雑誌やスポーツ紙、テレビのワイドショー、外国報道機関などの記者クラブ非加盟の記者の取材は、原則、窓口を警察本部広報課に限定し、警察署などの直接取材を認めていない。報道メモの提供や記者会見への参加も認めていない。こうした方針は加盟各社の独占取材を増長し、不当な差別だとの批判がある。

2012年3月21日時点の報道連絡要領では、「記者会見については、雑誌社等の非加盟社であっても、可能な限り参加できるよう適切に対応すべきである」となっていたが、現在はその部分は削除されている。道警記者クラブ非加盟の記者は、記者会見場から完全シャットアウトする方針になった。ちなみに札幌地検ではフリーの記者の参加を認めているという。

こうした差別について、記者クラブ加盟の記者に聞いてみると、記者クラブの意向でなく、道警の方針だとの答えが返ってきた。

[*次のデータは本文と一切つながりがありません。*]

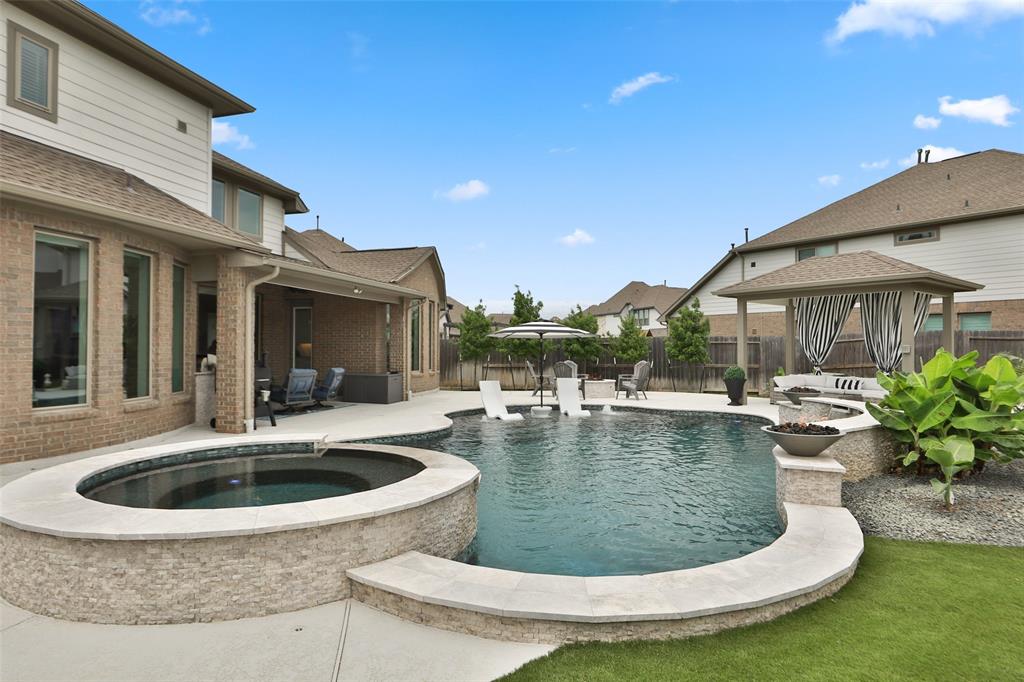 11810 Creekside Shore Cir Cir, Cypress, Texas image 42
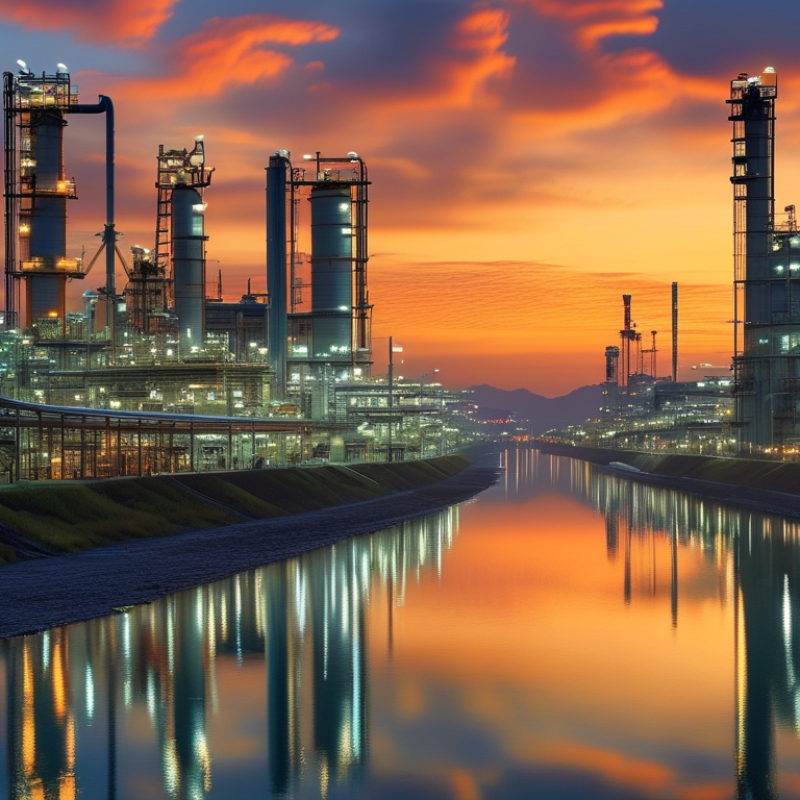 How to Source Chemical Raw Materials for Global Procurement?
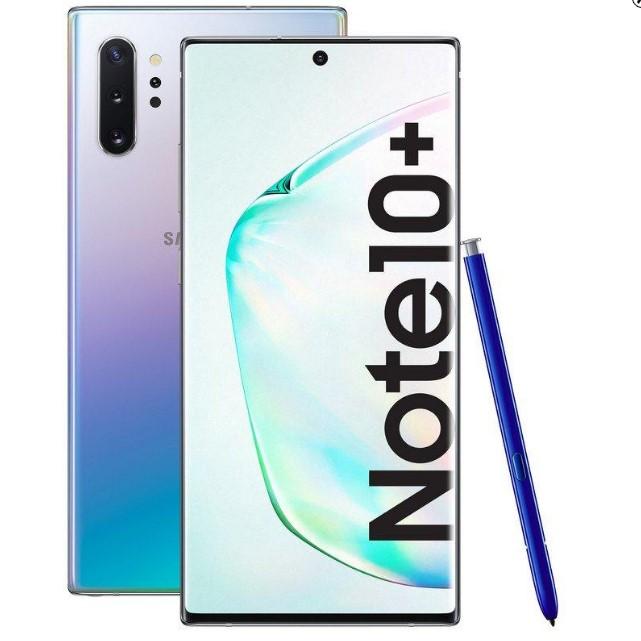 Samsung Galaxy Note 10 Plus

これに対して多くの非加盟の記者は、そもそも加盟各社の記者たちは同じジャーナリストであってもこの問題には無関心を装っている、と語っている。警察が記者クラブのオープン化に消極的なのは、マスコミのコントロールを容易にするためだが、記者クラブ加盟の記者にとっても、警察情報を独占できるメリットがある。この点でも警察とマスコミの利害は一致する。

小笠原氏も道警記者クラブには加盟していない記者の1人だ。警察職員の不祥事の処分には、懲戒処分以外の「監督上の措置」が存在するとして全国の警察に情報開示請求をし、その結果を記事化した。

現実の犯罪報道にも問題がある。

「推定無罪の原則」とは、広い意味では、有罪判決が確定するまでは何人も犯罪者として取り扱われない(権利を有する)ことを意味する(国際人権規約B規約14条2項など)。この原則は国家と国民との関係を規律するもので、マスコミを直接拘束しないとも考えられているが、一般の市民感覚では、マスコミが容疑者として報道すれば、その人物は有罪であり、犯罪者であると認識する。社会の注目を集める裁判員裁判の対象となる事件に関する集中的な報道は裁判員の判断にも影響するおそれがある。